发布时间:2023-12-29 13:47 作者:刘凯湘 浏览:213次

江老师永远离我们而去了。

这篇回忆江老师的文章是四年前江老师九十华诞的时候写的,今天通过网络发出来,以表达对江老师逝世的无限悲痛与怀念!

一、“所有权神圣讲的主要就是私人财产所有权的神圣”

上个世纪八十年代初期和中期我们上大学、读研的时候,能够阅读的专业方面的资料极为有限,基本上就是教材,而且全国范围内恐怕也就那几本教材,教材以外的著作包括专著、译著、文集等十分罕见。法学方面的学术期刊那个时候也很少,就是《法学研究》、《法学杂志》、《法学》、《法学译丛》、《国外法学》等几种。各个学校的专业教材(就民法而言,八十年代初期到中期正式出版了民法教材的学校大概只有北京大学法律系、中国人民大学法律系、北京政法学院等,我们在西南政法学院用的是非正式出版的、印刷本的民法教材)尽管在体例、章节甚至内容表述方面各有特色,但基本内容大体是差不多的。所以,那个时候要是能够遇到一本教材以外的专业方面的著作,真是如获至宝了。

记得1984年下半年我刚从西南政法学院考入北京大学法律系读研,就在新华书店里看到了一本书名叫做“西方国家民商法概要”的书,32开本,淡黄色的封面,规规矩矩的字体,不厚,由法律出版社出版,定价1.10元,作者(编著)就是江平老师。当时粗略地翻阅了一下目录,就毫不犹豫地决定买下了这本书。

很多民商法专业的概念与内容,很多民商法的具体制度,很多名词术语,很多学术表述,甚至很多学科名称(比如信托法),都是我之前在各种民法(商法更不要说,那时候几乎看不到商法方面的著作)教材中没有接触到过的,我几乎是连续用了一周左右的时间把整本书看完,并且做了很认真、很详细的笔记(很多其实就是原文原句摘抄到自己的笔记本上)。

让我一直有着极强的记忆亮光、在我的记忆深处烙上深深的印痕的,是江老师在书中归纳的私法三原则:权利能力平等原则、私有财产神圣原则、契约自由原则。江老师在书中指出:这三个原则也就是西方民法的三大组成部分,即人(主体)、物(所有权)、债(契约)的核心内容。所以这三大基本原则既是西方民法的三大理论支柱,同时也构成了西方民法的基本制度内容。
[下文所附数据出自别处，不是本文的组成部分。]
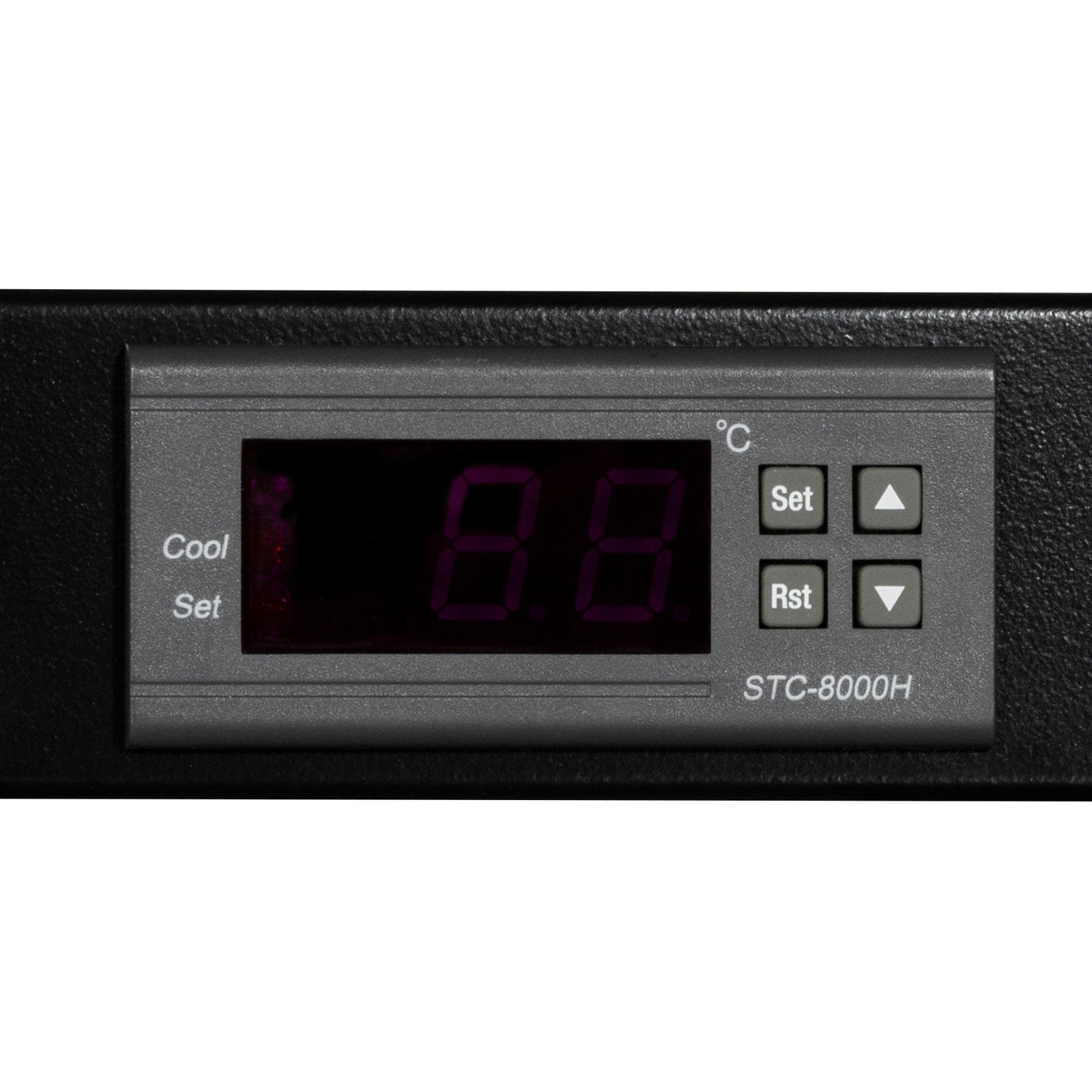 Fan unit for 19" rack 2 fans 25 dBA U1 Black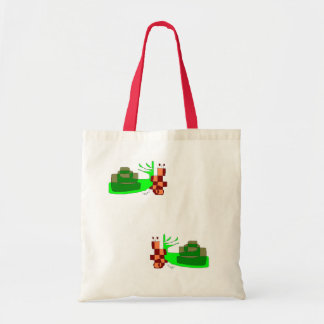 stock market with two green snails tote bag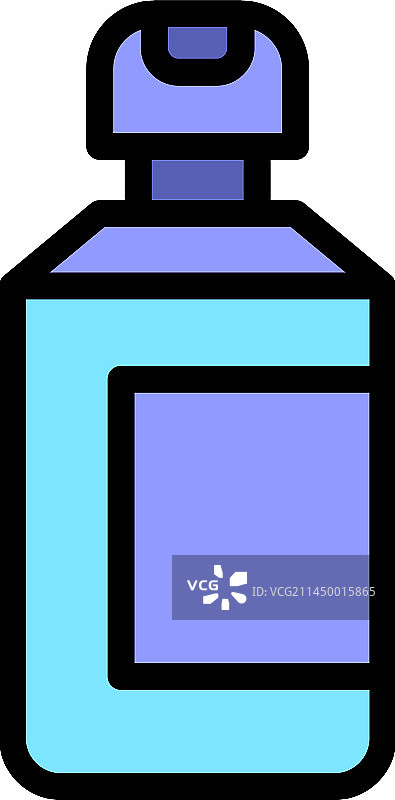 扁平风格油漆喷雾瓶图标图片素材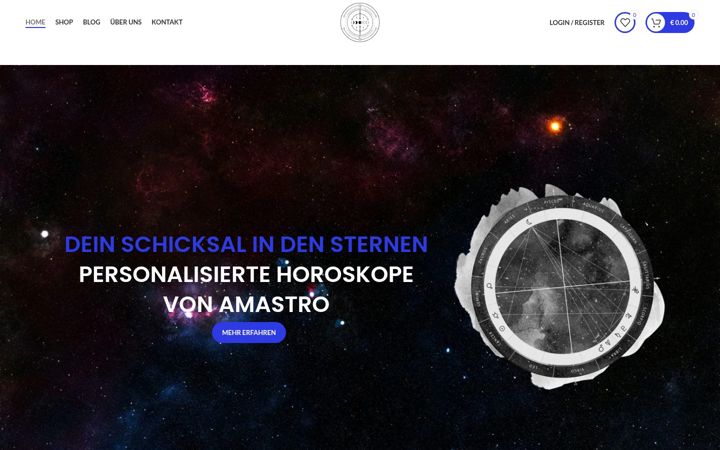 Screenshot of amastro.de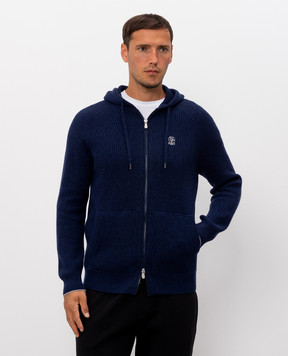 Brunello Cucinelli Blue cashmere sports jacket M22704806G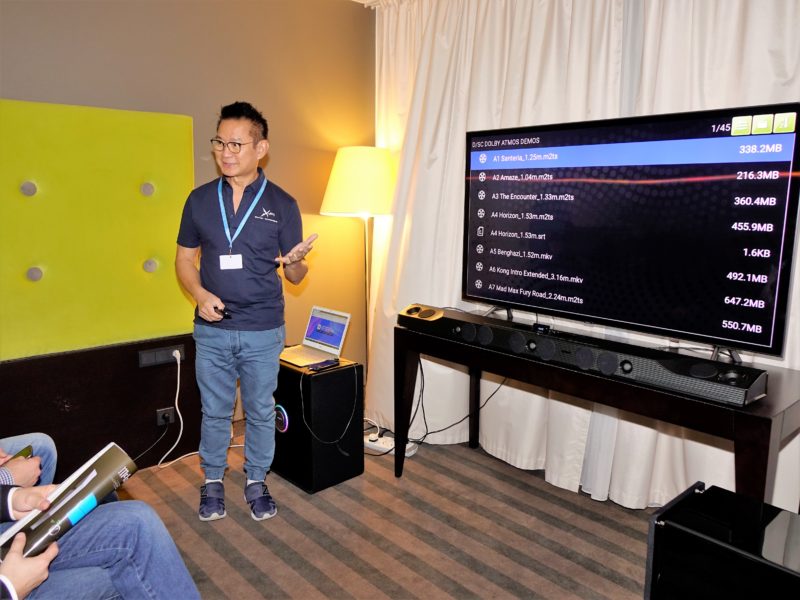 Europejska premiera Soundbara X-FI Sonic Carrier na Targach Audio Video Show 2018 1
在我以后的民法研习中,也有将西方私法的三大原则概括为所有权神圣、契约自由、过错责任的,这可能是理解或者解释方面的不同导致的,但所有权神圣和契约自由这两大原则是没有争议的。

可以说,就是这两大原则,两大理念,包括体现这两大原则与理念的具体物权法制度、合同法制度,构成我迄今为止的民商法研习职业中的基础性概念和学术宗旨,成为一生追求的学术价值。
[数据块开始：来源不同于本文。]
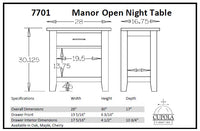 Manor Open Night Table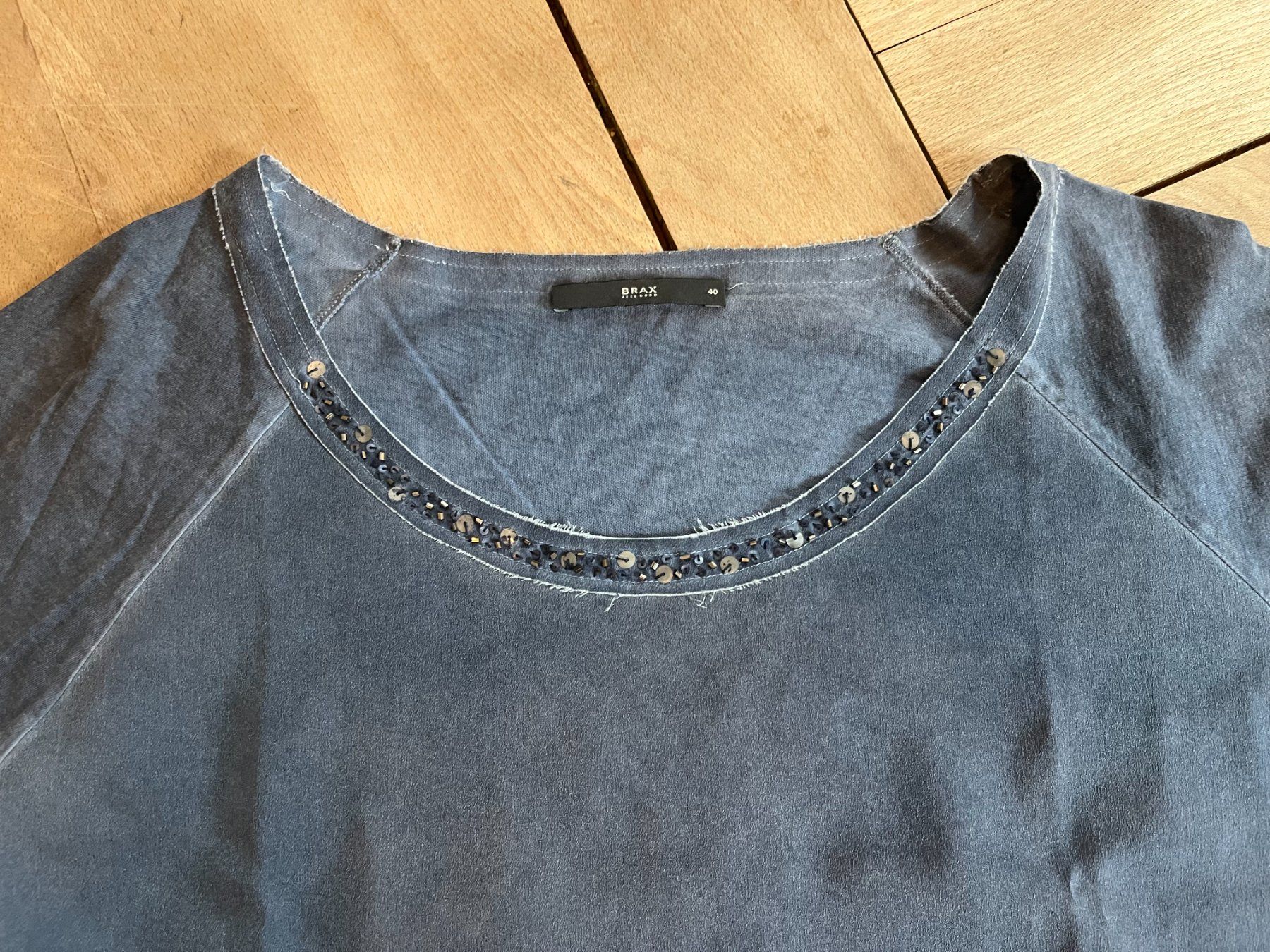 Brax Maglioni & Felpe: BRAX Sweatshirt Langarmshirt Pullover Pailetten – Usato da Zürich venduto da its-love 3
记得大约是1986年10月份左右(具体时间记不清楚了),那时是一个政治开明、学术活跃的时代,由北京大学法律系张国华教授、中国政法大学江平教授、中国人民大学法律系高铭暄教授、武汉大学法律系韩德培教授四位教授以个人名义召集举行的首届“全国高校社会主义法制建设理论与实践研讨会”(印象中是这样一个会议名称)在苏州召开,我当时还在北大读研,导师李由义教授本来受邀要参加这次会议,并且开始时答应了,他自己也非常想去,但会议之前十几天他因为身体行动不便的原因无法前往,于是他让我代表他参加会议,并让我带论文参加会议,我当时正好把硕士学位论文写得差不多了,是写全民所有制企业财产所有权改革方面的,我征求导师的意见,能不能在硕士学位论文的基础上改写一篇小论文提交会议,导师说“非常好,非常好,现在讨论这个问题很重要,佟柔老师发表了很多这方面的意见。”于是我有幸参加了这次非常有纪念意义的会议,也是我第一次参加这种全国性的学术会议。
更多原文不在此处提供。